L’antica “lizzatura” rivive ai Ponti di Vara

Domenica 12 agosto, alle 9 del mattino, la Compagnia Lizzatori Carrara organizza la suggestiva rievocazione nelle cave di Carrara

di redazione

Blocchi di marmo immensi trasportati dalle cave fino a valle, per poi raggiungere il mare e le destinazioni di tutto il mondo.

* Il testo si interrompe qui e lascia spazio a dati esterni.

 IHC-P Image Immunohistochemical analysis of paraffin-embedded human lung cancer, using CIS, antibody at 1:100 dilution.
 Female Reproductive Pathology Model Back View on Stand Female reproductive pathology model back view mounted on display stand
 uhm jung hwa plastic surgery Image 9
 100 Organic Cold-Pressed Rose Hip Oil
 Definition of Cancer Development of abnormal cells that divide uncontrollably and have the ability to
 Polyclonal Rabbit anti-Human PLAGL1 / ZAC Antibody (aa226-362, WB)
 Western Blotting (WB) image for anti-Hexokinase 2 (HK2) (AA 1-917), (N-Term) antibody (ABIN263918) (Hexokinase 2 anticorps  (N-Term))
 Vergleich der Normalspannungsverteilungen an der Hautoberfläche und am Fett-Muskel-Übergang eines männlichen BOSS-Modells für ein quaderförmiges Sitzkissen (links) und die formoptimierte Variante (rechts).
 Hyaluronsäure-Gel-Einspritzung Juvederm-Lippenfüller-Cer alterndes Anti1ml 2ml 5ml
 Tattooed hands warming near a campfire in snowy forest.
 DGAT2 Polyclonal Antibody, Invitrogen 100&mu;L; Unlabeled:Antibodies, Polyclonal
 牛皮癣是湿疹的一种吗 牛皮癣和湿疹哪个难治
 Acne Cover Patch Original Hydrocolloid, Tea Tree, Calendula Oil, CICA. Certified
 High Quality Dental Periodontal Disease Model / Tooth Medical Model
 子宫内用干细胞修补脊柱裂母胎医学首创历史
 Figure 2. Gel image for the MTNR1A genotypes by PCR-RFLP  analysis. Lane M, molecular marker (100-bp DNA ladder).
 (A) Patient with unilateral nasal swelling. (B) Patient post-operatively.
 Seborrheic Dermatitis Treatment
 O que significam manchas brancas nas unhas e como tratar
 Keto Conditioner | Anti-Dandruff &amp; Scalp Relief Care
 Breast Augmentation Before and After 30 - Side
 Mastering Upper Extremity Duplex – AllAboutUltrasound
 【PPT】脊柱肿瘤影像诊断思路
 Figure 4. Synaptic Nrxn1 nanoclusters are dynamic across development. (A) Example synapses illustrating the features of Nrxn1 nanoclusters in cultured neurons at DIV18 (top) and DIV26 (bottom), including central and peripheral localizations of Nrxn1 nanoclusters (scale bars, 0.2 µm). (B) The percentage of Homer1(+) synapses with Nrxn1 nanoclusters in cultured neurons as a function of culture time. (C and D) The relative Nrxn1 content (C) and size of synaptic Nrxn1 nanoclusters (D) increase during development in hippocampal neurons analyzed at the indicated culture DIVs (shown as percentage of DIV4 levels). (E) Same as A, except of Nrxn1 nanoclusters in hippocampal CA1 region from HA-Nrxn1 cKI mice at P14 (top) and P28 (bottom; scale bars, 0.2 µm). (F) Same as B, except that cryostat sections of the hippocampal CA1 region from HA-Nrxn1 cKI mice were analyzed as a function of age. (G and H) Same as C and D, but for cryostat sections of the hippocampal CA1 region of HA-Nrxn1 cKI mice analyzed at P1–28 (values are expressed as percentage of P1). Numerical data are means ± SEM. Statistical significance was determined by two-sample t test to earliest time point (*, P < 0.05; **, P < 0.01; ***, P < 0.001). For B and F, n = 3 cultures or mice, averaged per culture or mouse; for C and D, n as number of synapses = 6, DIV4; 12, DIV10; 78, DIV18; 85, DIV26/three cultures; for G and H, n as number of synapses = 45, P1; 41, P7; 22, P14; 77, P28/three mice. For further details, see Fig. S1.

Era la “lizzatura”, il lavoro durissimo che per secoli gli operai “lizzatori” eseguivano con la sola forza delle braccia, sfruttando la pendenza della montagna.

I blocchi venivano fatti scivolare su travi di legno lungo le cosiddette vie di lizza.

Uno sforzo incredibile, manovre difficili e complesse, e una fatica che, per fortuna, appartiene al passato (il metodo è stato abbandonato negli anni ’60 del secolo scorso), ma che ogni anno viene fatta rivivere in uno dei luoghi più suggestivi delle Apuane, ai Ponti di Vara, sopra Carrara.

L’appuntamento è domenica 12 agosto, alle ore 9 del mattino.

Un blocco di marmo di oltre 20 tonnellate sarà trasportato dal piazzale di cava fino al piano caricatore, superando una pendenza del 50%.

L’iniziativa è organizzata dalla Fondazione Cassa di Risparmio di Carrara e dall’Associazione Compagnia Lizzatori Carrara, con il patrocinio del Comune di Carrara.

Per raggiungere i Ponti di Vara è stato predisposto un servizio autobus gratuito con partenze:
– alle ore 7.45, da località  Fossa Maestra a Marina di Carrara, fermata  CTT;
– alle ore 7.45 da località Paradiso a Marina di Carrara, fermata CTT;
– alle ore 7.45, dalla zona Partaccia, presso mercatino;
– tra le ore  7.45 / 8.10, da Piazza Menconi a Marina, fermata CTT;
– da Carrara, presso il piazzale in località Monterosso, sarà attivo il servizio di bus navetta, dalle ore 8 alle ore 9.15.